Sunday, April 11, 2010

Epiphanies Amidst Piles of Clean & Dirty Laundry...


This first sentence may sound odd, but one of these days I'll explain... My good friend  David Mailloux whom I have never met wrote the article below and I couldn't help but post it, It carries such a great message. We can all be a hero in this fight.

Last month, when the ENDA-4 (that's Chas Kirven, Michelle Wright, Janine Carmona, and Sam Ames) went to Speaker Nancy Pelosi's office in D.C. and stayed there until they were arrested, I was awe-struck. I had been equally awe-struck earlier in the day when Robin, Dan, and Jim got arrested in front of the White House, and then, there were Kip and the amazing folks in San Fran. 

All of this just blew my mind. I wanted to be there. I should have been there.

Later (that night? the next day?), I found myself Tweeting back and forth with Sam, a first-year law student (and Janine's girlfriend), and realized a mutual admiration. We've even made arrangements to do shots and trash-talk religious conservatives when I can get down to D.C. I've never met Sam in person, but I really think she's just the bees' knees and beyond.

Before we go any further, Sam is one of my heroes. She is younger than I was when I came out, yet she's head-first into a dangerous and beautiful experience. At an age where I was afraid of my own shadow and still dating women, she is so far out there in the world, getting arrested for all of us. She is risking her future for full LGBT equality. She has so much of my respect...

I know I'm all over the place here. Bear with me.

Earlier this weekend, I came to the realization that the massive-scale event I hoped to have in Maine, that I had been working on with friends for months now, was on life support. Others involved seemed to be among the world of the living yesterday, but I still found myself vigilant at the bedside of the nearly dead.

And as it is with every vigil, you recall the beautiful memories of the life passing away in front of you, and you cry, and you get angry, and you drink and sometimes eat far too much. And you wish things had happened differently. You mourn a life not yet gone, because you realize, no matter what you do, it's about to go.
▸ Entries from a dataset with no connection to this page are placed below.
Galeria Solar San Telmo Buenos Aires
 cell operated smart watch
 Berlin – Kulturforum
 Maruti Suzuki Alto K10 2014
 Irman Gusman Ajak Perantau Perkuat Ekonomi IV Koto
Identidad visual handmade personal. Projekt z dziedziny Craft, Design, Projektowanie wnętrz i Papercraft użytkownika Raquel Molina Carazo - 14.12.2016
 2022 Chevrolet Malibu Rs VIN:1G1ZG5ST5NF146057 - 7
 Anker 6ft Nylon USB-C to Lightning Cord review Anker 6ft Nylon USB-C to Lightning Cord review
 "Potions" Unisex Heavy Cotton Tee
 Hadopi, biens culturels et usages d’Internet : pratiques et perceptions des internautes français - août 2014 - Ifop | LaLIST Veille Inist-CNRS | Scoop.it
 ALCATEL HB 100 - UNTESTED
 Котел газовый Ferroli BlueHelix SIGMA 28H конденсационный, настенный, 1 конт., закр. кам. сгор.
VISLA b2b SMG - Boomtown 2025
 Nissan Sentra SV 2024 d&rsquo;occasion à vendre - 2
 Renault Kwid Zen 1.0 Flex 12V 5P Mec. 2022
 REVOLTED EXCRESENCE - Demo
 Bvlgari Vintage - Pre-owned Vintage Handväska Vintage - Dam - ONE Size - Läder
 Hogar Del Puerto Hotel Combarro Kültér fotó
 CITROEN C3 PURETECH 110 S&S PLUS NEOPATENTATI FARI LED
The world rushes past you in rapid-fire motions, but still, you stand there at normal speed, looking down, knowing what you must do.

In so many ways, I knew I had to move on, but I couldn't find the will to do so.

A couple of hours ago, after seeing something Sam wrote on Facebook, I went down to the basement to switch loads of laundry around. And I found myself thinking about this woman, more than 11 years my junior, who really was one of my heroes. I thought about my other heroes in this movement, what they do, what we all have done, and it dawned on me.

Somewhere between clean underwear and dirty sheets, like Paul on the road to Damascus, except slightly less dramatic (as bible stories tend to be)...

I need to be my own hero.

I can stand at the bedside of my own losses and mourn them, while admiring my heroes in this movement from afar, or I can stand up and realize those losses, move on, join them, and become my own hero. I can accomplish that which I admire so readily among others and find strength in those actions.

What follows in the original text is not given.